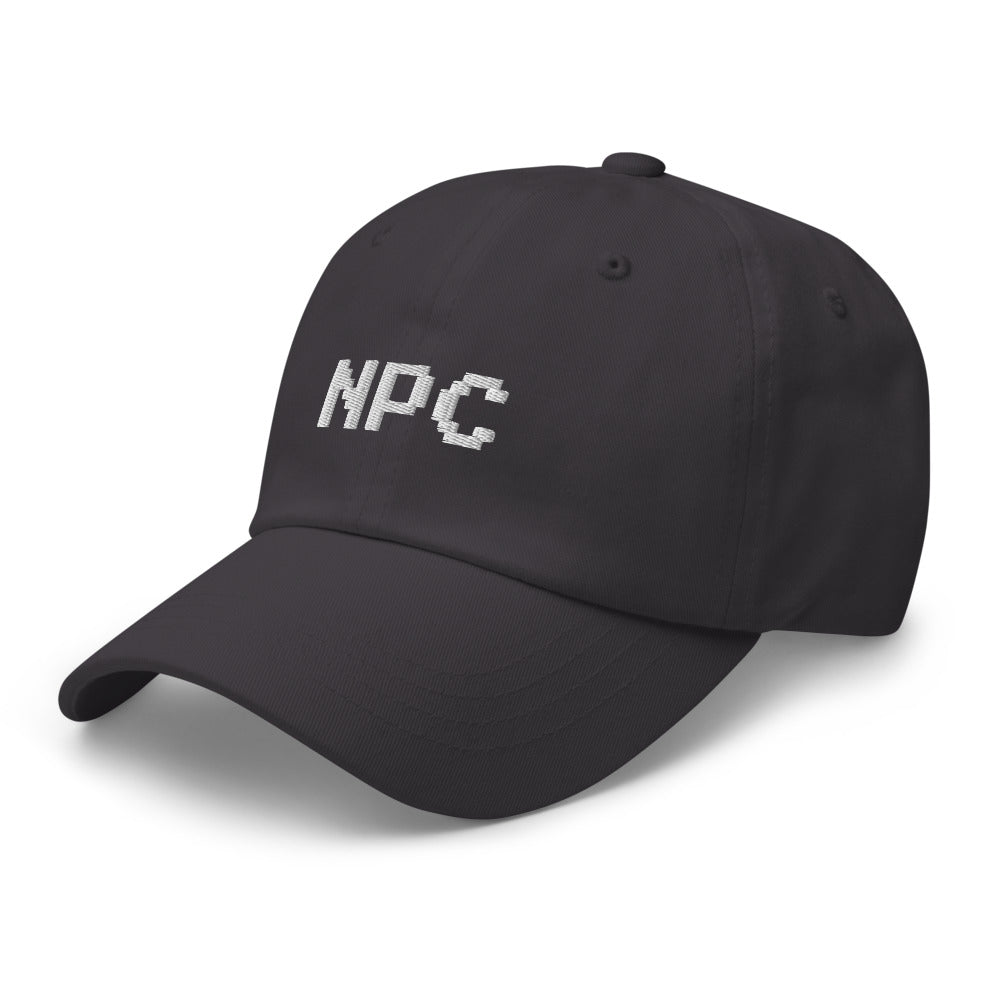 NPC Pixel Font Embroidered Fun Unisex Baseball Cap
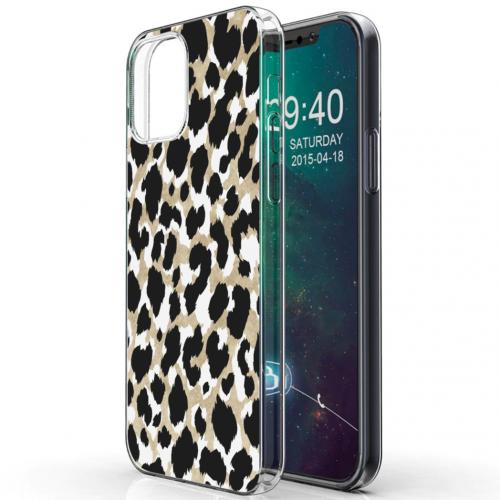 iMoshion Design hoesje voor de iPhone 12 Mini - Luipaard - Goud / Zwart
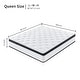 preview thumbnail 12 of 23, Homy Casa 12 Inch Queen Hybrid Mattress, Pocket Spring & Memory Foam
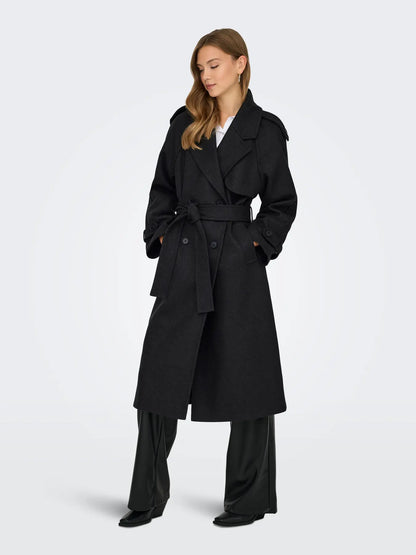 DEAR-TRILLION LONG BELT COAT | ONLY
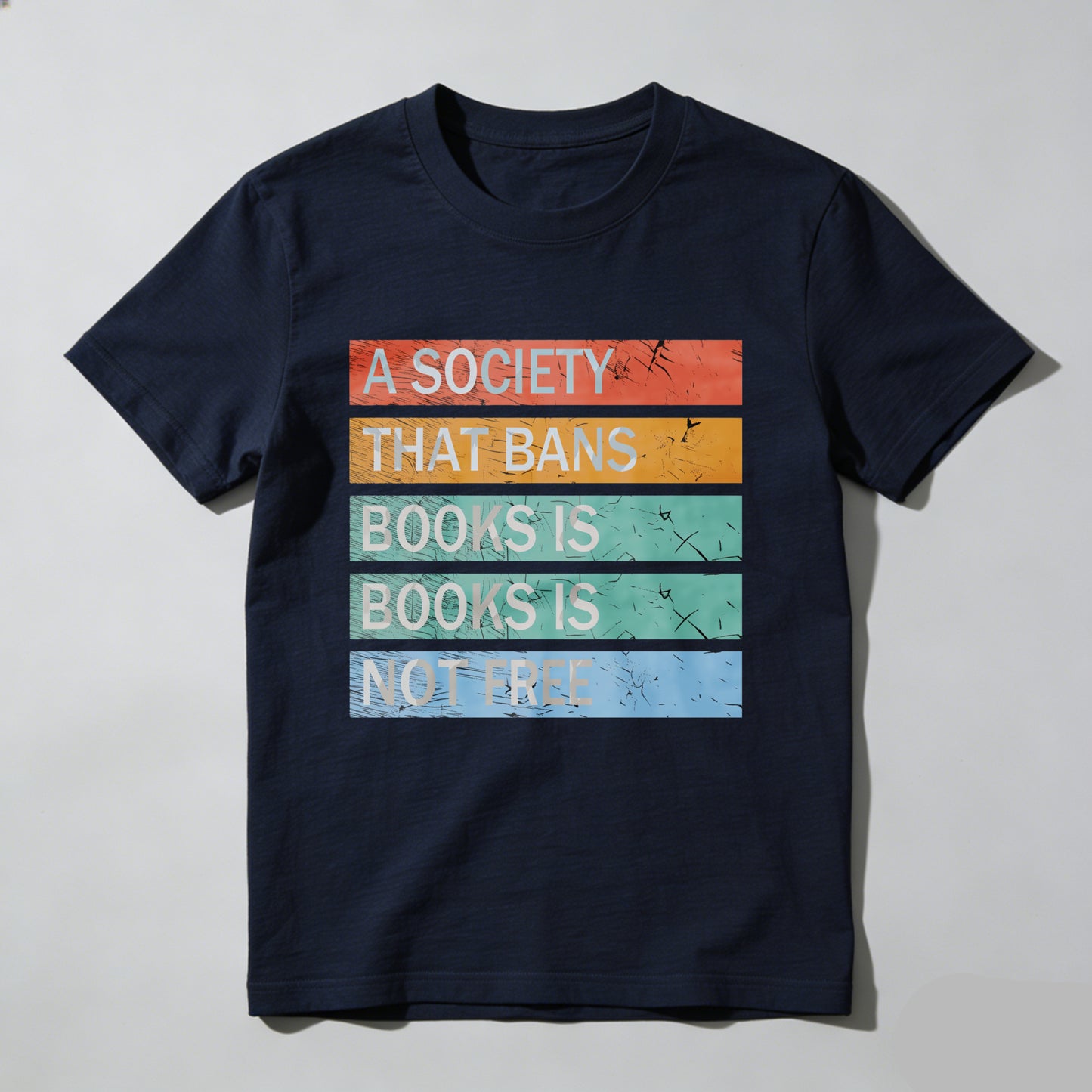 Wardrobecart A Society That Bans Books Is Not Free Unisex Classic T-shirt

[Exercise aim] Transcribe exactly, and only, the lines from the one with "DEAR-TRILLION LONG BELT COAT | ONLY" through the final line of the data above. The pictures stay out.

[Answer below]
 DEAR-TRILLION LONG BELT COAT | ONLY
 Wardrobecart A Society That Bans Books Is Not Free Unisex Classic T-shirt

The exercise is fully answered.